YOUR ASSIGNMENT → After locating the line with "Toyota Land Cruiser" in the entries below, set down exactly that line and each one after it to the end, skipping pictures.
━━ RECORDS FOR PROCESSING ━━
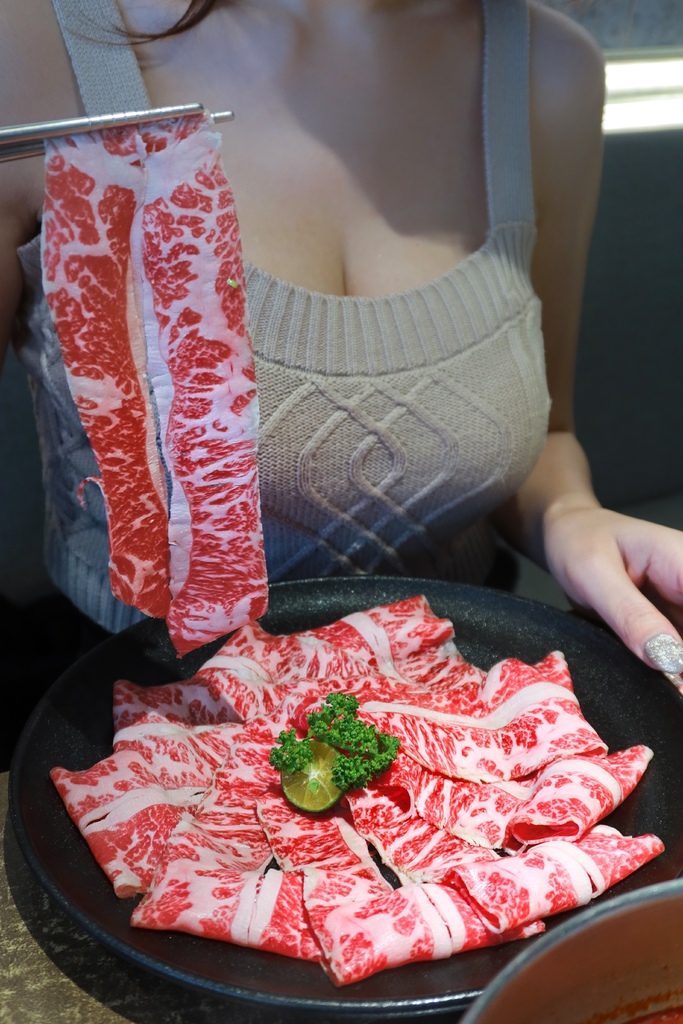 【台中鍋物】論石間鍋物 台中國美店│任選數十種美味湯底│海鮮拚盤10種海鮮超澎派│只要290元起小農蔬菜鍋料無限吃 @混血珊莎的奇幻旅程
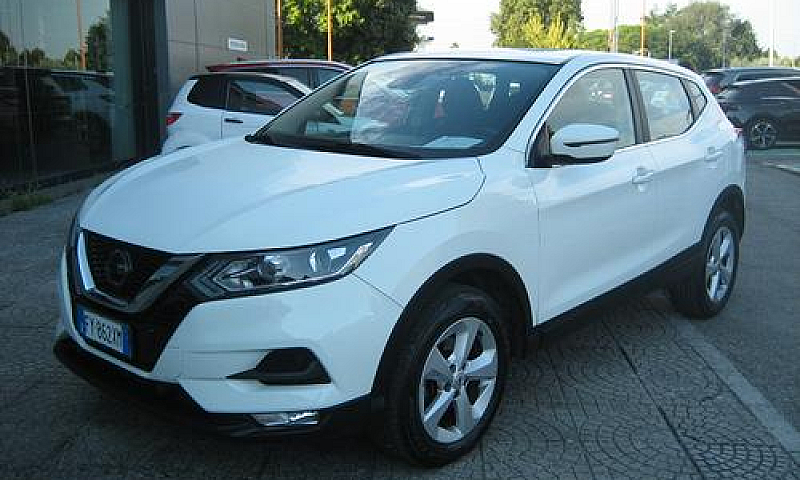 Nissan Qashqai 1.5 D...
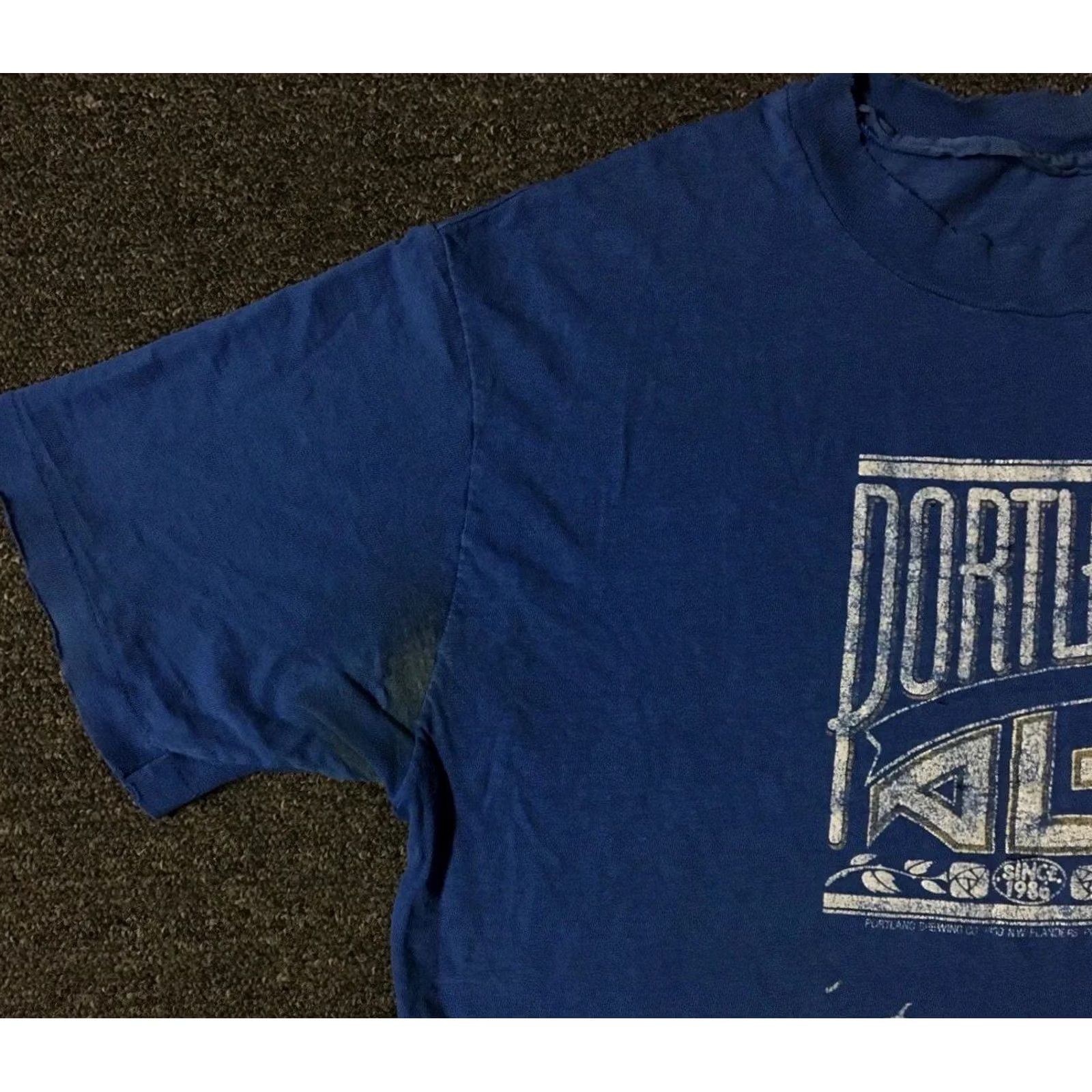 Thrasher VINTAGE 90s Portland Ale Shirt M Blue Bar Grunge Biker Punk Beer Thrashed Faded Distress Mens Size US M / EU 48-50 / 2 - 5 Thumbnail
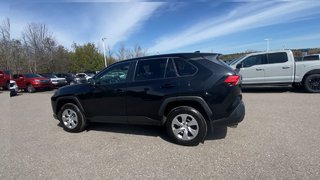 Toyota RAV4 LE 2022 à Alliston, Ontario - 6 - w320h240px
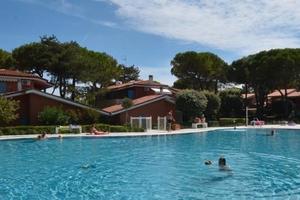 Bibione: Appartamento con giardino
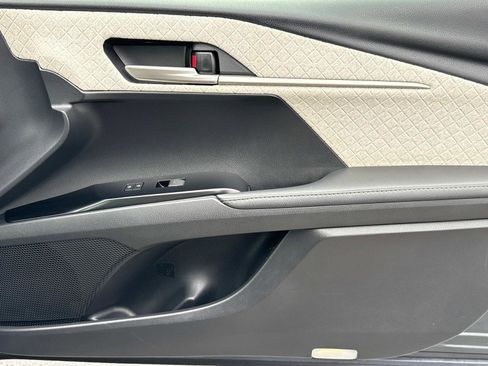 Used 2025 Toyota Camry XLE image 18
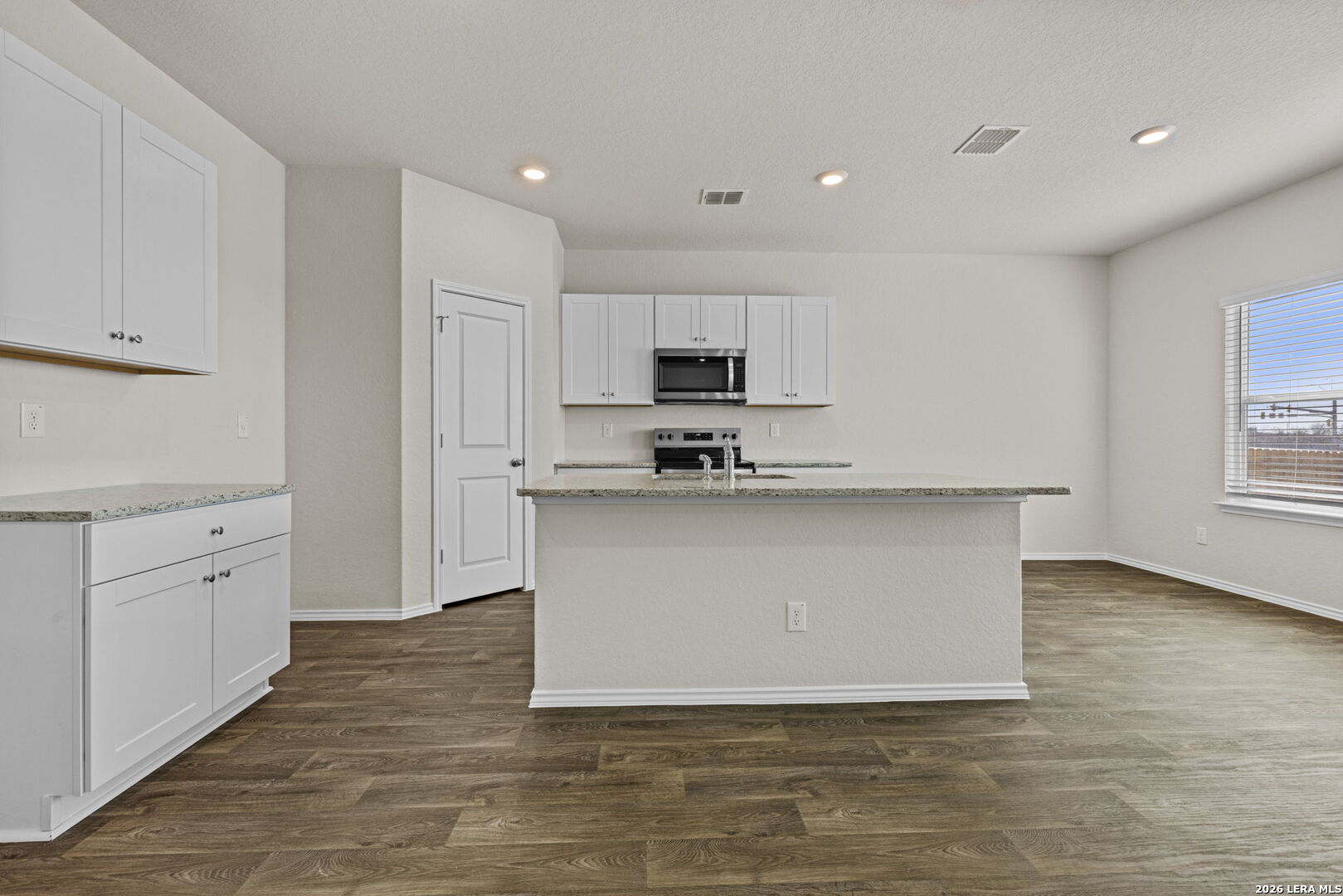 14612 Childress Falls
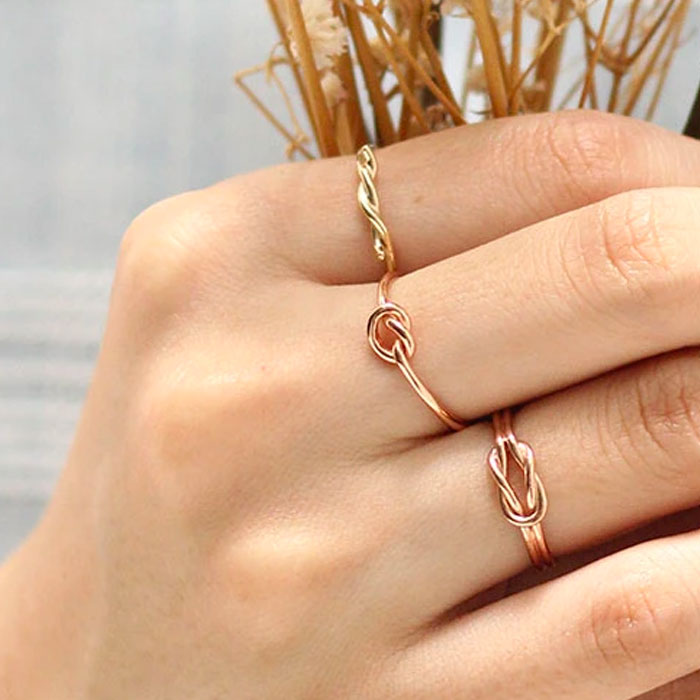 Knotted Thread Ring - LOULOUROSE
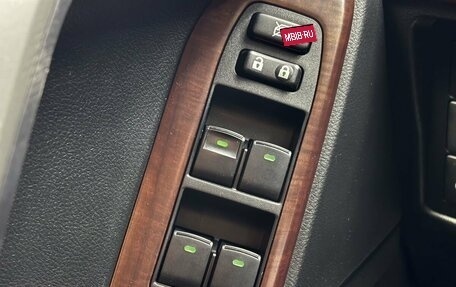 Toyota Land Cruiser Prado 150 рестайлинг 2, 2017 год, 4 600 000 рублей, 23 фотография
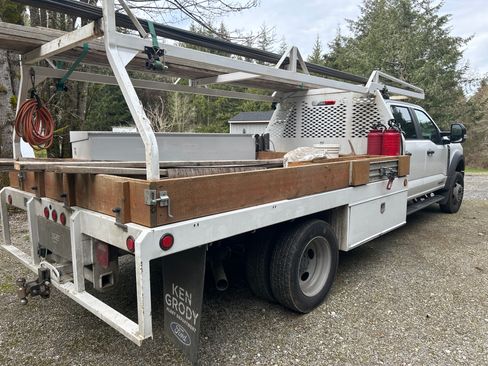 Used 2024 Ford F450 XL w/ XL Chrome Package image 5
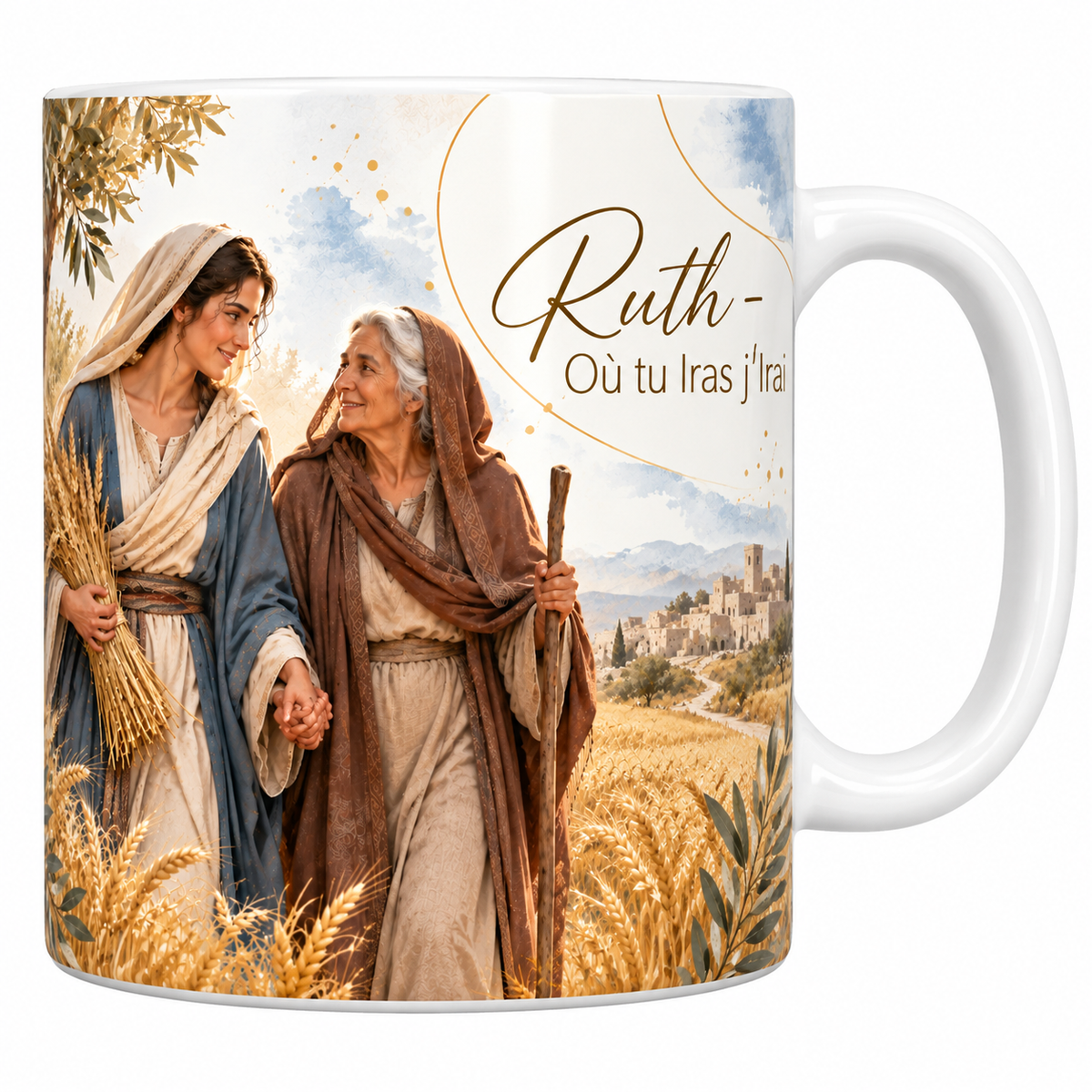 Mug céramique blanche 330 ml illustré de Ruth tenant une gerbe d'épis et de Noémi appuyée sur son bâton, marchant main dans la main au bord d'un champ moissonné, avec Bethléem au loin, et le titre Ruth, Où tu Iras j'Irai en lettres dorées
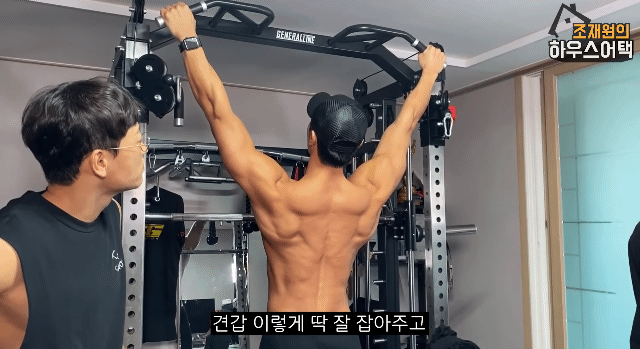 식단 빡세게 안한다는 운동 유튜버 까로의 몸매.jpgif | 인스티즈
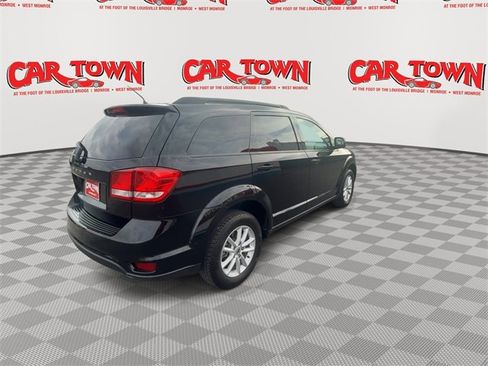 Used 2019 Dodge Journey SE image 8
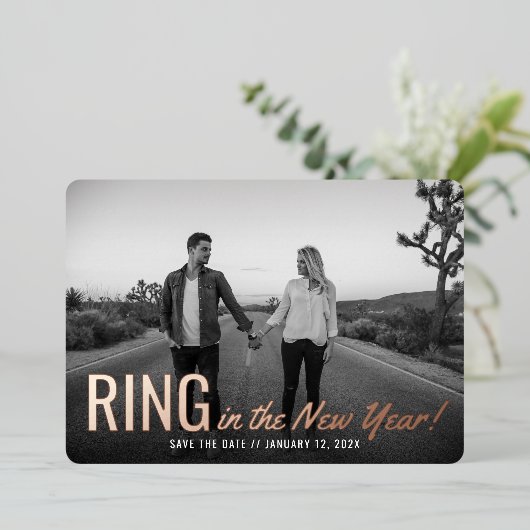 Ring in het Nieuwe Jaar sparen de Datum Folie Uitnodiging (Staand Voorkant)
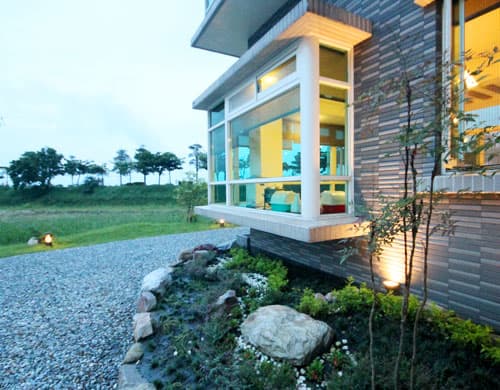 วิวข้างหน้าต่างของ Water Edge Garden Homestay ตอนพลบค่ำ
━━━
OUTPUT FOR THIS TASK →
 Toyota Land Cruiser Prado 150 рестайлинг 2, 2017 год, 4 600 000 рублей, 23 фотография
 Used 2024 Ford F450 XL w/ XL Chrome Package image 5
 Mug céramique blanche 330 ml illustré de Ruth tenant une gerbe d'épis et de Noémi appuyée sur son bâton, marchant main dans la main au bord d'un champ moissonné, avec Bethléem au loin, et le titre Ruth, Où tu Iras j'Irai en lettres dorées
 식단 빡세게 안한다는 운동 유튜버 까로의 몸매.jpgif | 인스티즈
 Used 2019 Dodge Journey SE image 8
 Ring in het Nieuwe Jaar sparen de Datum Folie Uitnodiging (Staand Voorkant)
 วิวข้างหน้าต่างของ Water Edge Garden Homestay ตอนพลบค่ำ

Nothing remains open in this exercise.